Supplied material:
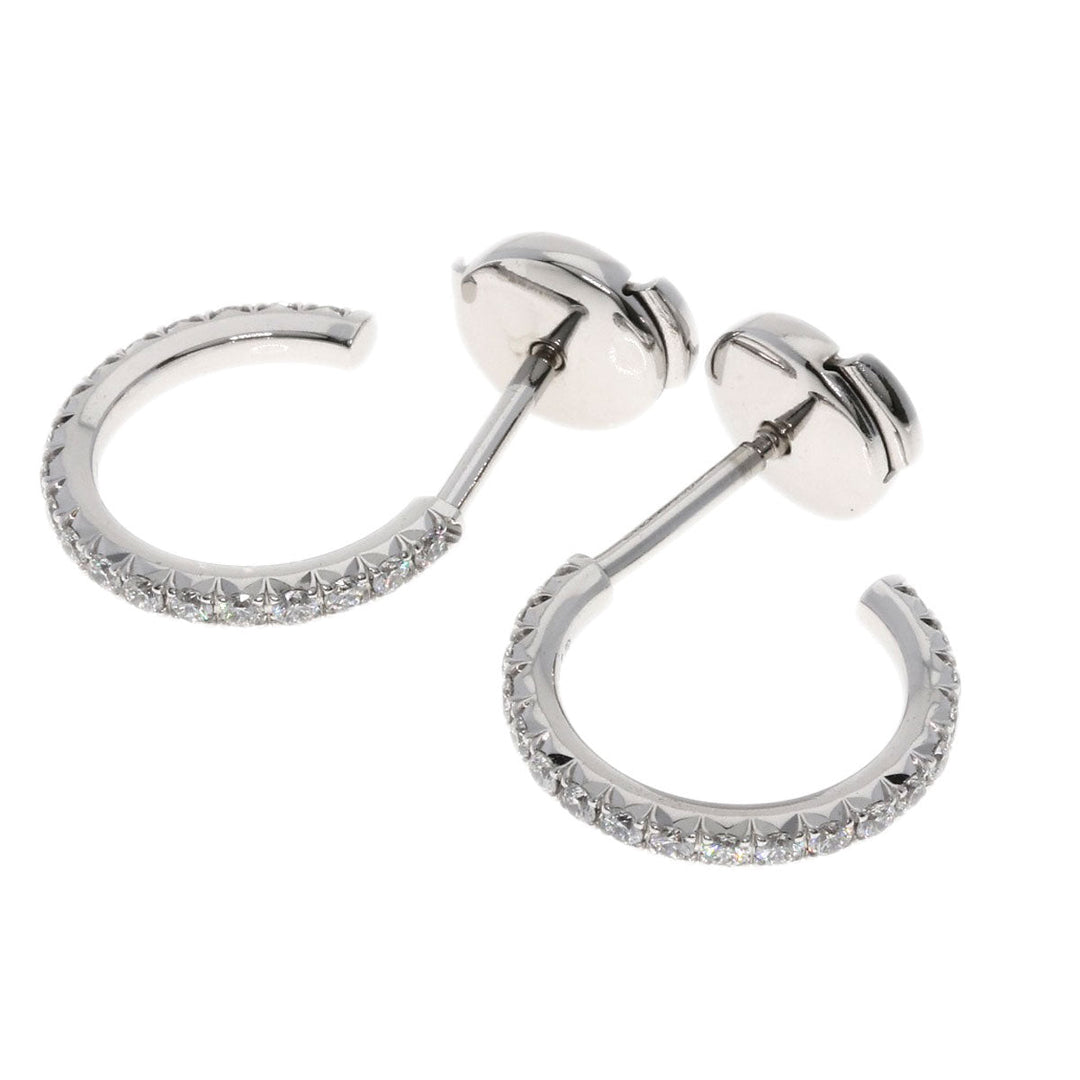 TIFFANY&Co. Pierce K18WG Silver Metro Hoop Small Diamond Women Used Authentic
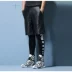 Mùa hè đường phố thương hiệu thời trang quần short nam bằng da hộp đêm ca sĩ DJ biểu diễn năm điểm quần da ngôi sao nhảy hip-hop shop đồ nam đẹp Quần da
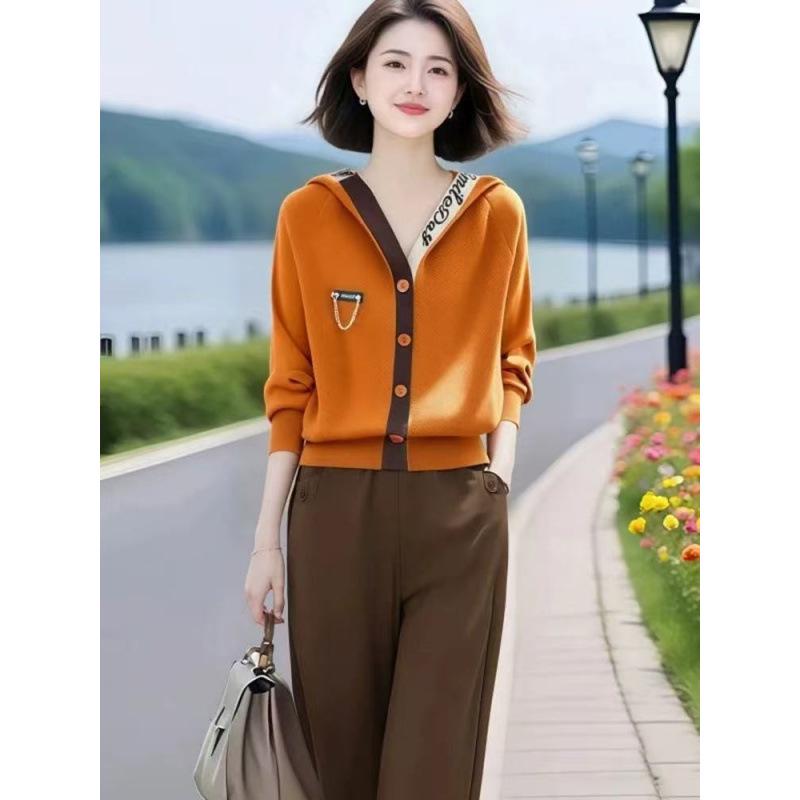 Korean Style Women's Elegant Hooded Knit Cardigan for Spring & Autumn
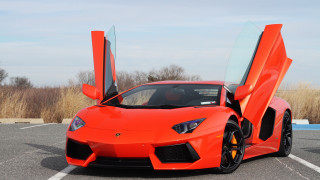 Bright orange sports car open 5 - vibrant color free wallpaper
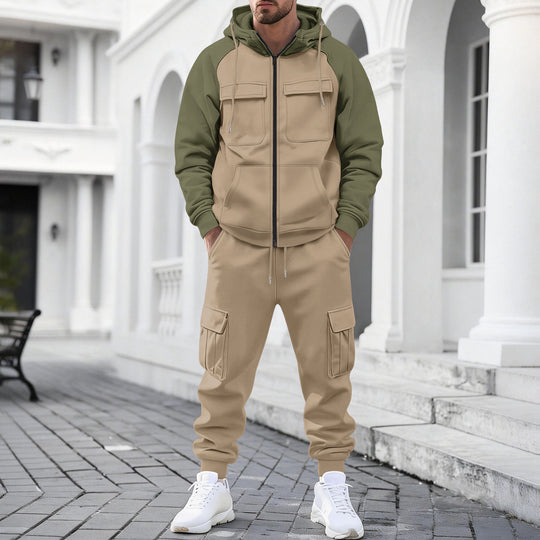 Herren Kapuzen-Sweatset mit Reißverschluss und funktionaler Cargohose Shop Nory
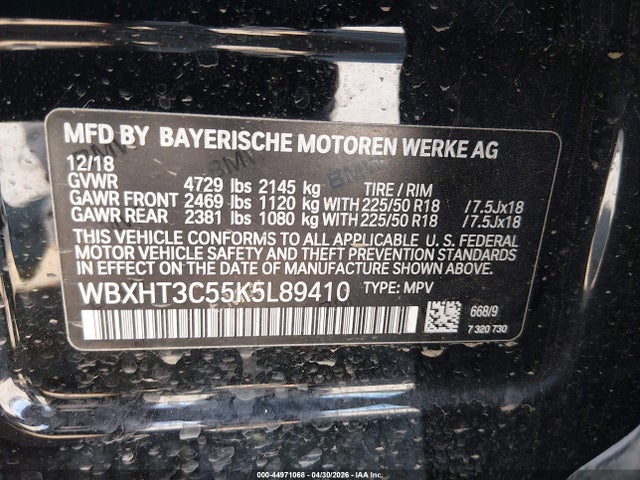 2019 Bmw X1 Xdrive28i მანქანა იყიდება აუქციონზე, vin: WBXHT3C55K5L89410, აუქციონის ნომერი: 44971068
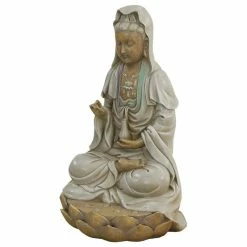 Wholesale 🎁 Design Toscano Goddess Guan Yin Seated On A Lotus Statue 😉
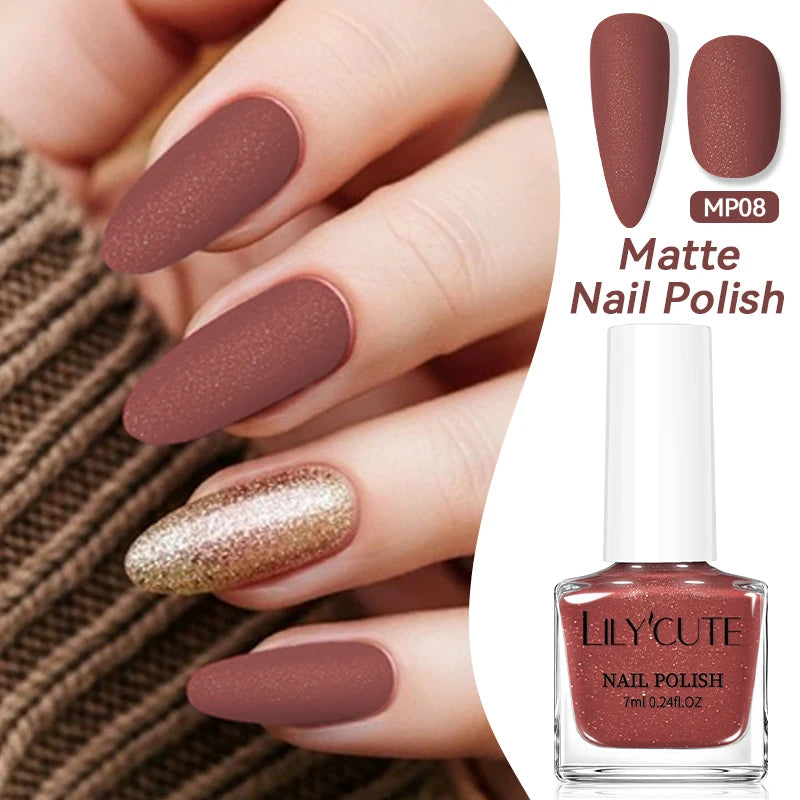 LILYCUTE 7ml Matte Nail Polish - 28 Autumn Colors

Work instruction: Verbatim, write out the line containing "Korean Style Women's" and all later lines through the end of the records, leaving every picture out.

Answer below:
 Korean Style Women's Elegant Hooded Knit Cardigan for Spring & Autumn
 Bright orange sports car open 5 - vibrant color free wallpaper
 Herren Kapuzen-Sweatset mit Reißverschluss und funktionaler Cargohose Shop Nory
 2019 Bmw X1 Xdrive28i მანქანა იყიდება აუქციონზე, vin: WBXHT3C55K5L89410, აუქციონის ნომერი: 44971068
 Wholesale 🎁 Design Toscano Goddess Guan Yin Seated On A Lotus Statue 😉
 LILYCUTE 7ml Matte Nail Polish - 28 Autumn Colors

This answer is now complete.